● Action item
Entries follow. Give back exactly the lines starting at the one containing "pentru bărbați Tricouri" and ending at the one containing "Keuken Achterwand 2", and no other lines.

● The records
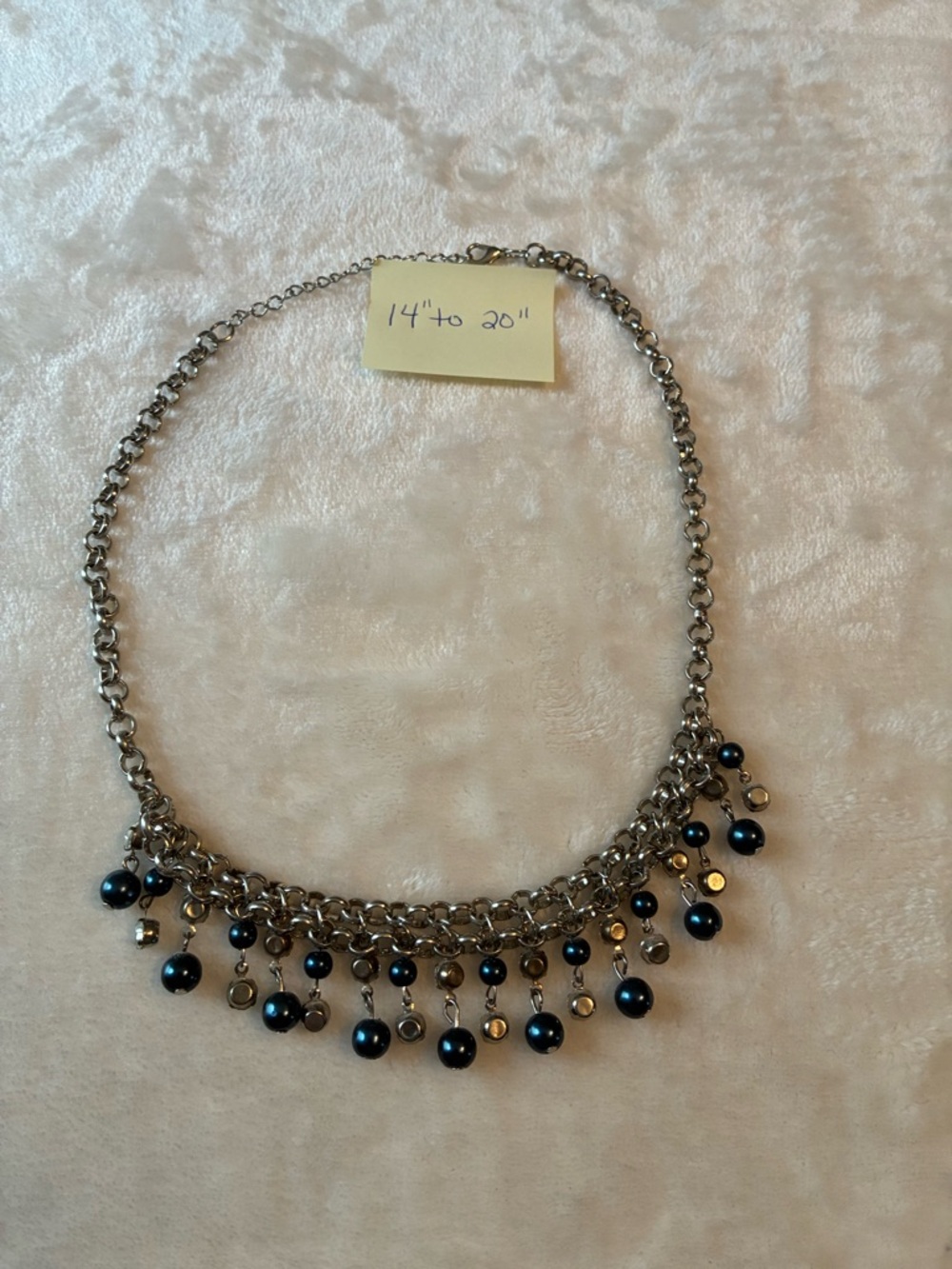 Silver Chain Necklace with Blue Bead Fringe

==

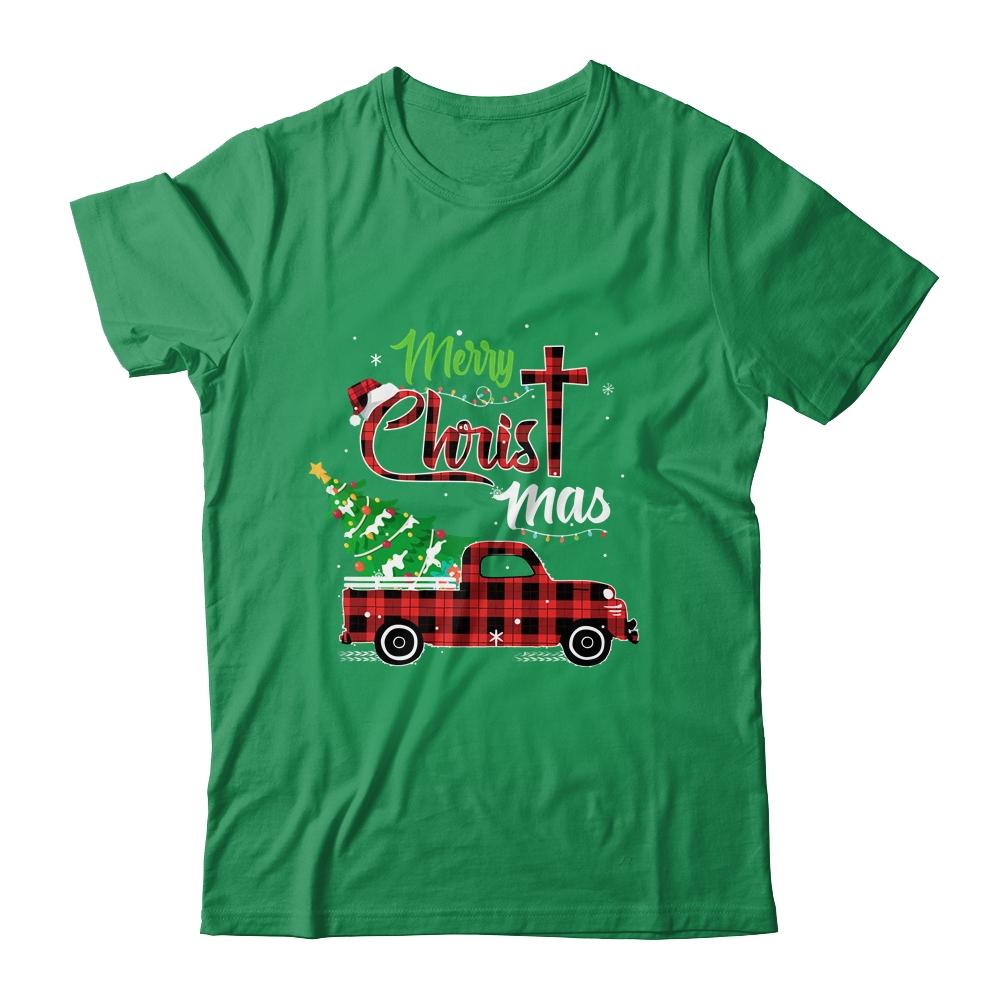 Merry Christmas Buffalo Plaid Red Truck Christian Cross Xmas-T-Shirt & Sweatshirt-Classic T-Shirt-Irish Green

* * *

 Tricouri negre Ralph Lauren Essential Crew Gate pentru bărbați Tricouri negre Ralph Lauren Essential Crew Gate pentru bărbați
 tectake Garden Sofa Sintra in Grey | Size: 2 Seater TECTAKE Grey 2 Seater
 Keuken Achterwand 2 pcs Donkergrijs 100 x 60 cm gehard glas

● Task output
 Tricouri negre Ralph Lauren Essential Crew Gate pentru bărbați Tricouri negre Ralph Lauren Essential Crew Gate pentru bărbați
 tectake Garden Sofa Sintra in Grey | Size: 2 Seater TECTAKE Grey 2 Seater
 Keuken Achterwand 2 pcs Donkergrijs 100 x 60 cm gehard glas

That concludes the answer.